→ **WHAT YOU NEED TO DO**
Give back an exact copy of the listing that follows, without the pictures.

→ **PROVIDED DATA**
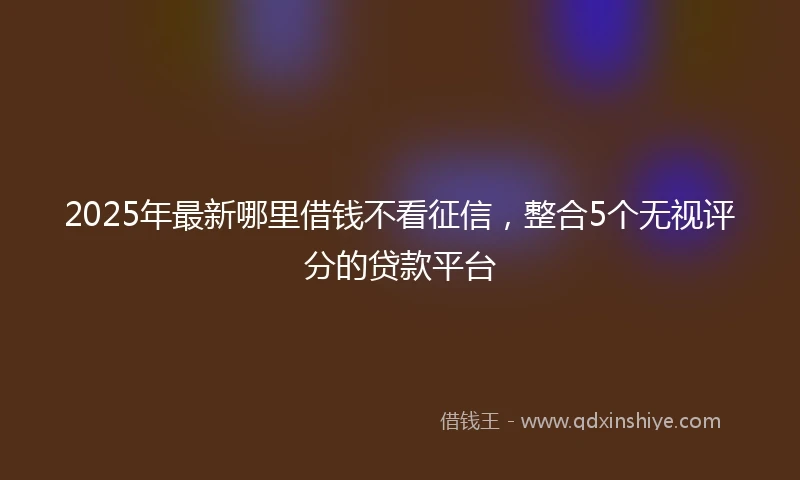 2025年最新哪里借钱不看征信，整合5个无视评分的贷款平台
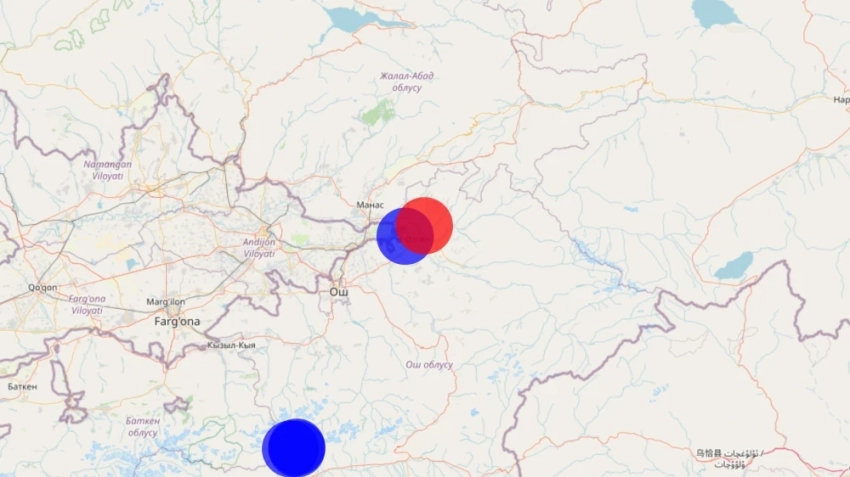 На границе Джалал-Абадской и Ошской областей произошло землетрясение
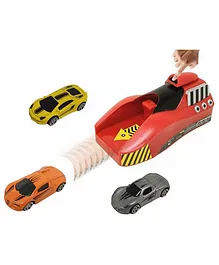 Elecart Metal Die Cast Car and Rapid Launcher Game with 3 Road Block Cones Pack of 7 - Multicolor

→ **PROBLEM SOLUTION**
 2025年最新哪里借钱不看征信，整合5个无视评分的贷款平台
 На границе Джалал-Абадской и Ошской областей произошло землетрясение
 Elecart Metal Die Cast Car and Rapid Launcher Game with 3 Road Block Cones Pack of 7 - Multicolor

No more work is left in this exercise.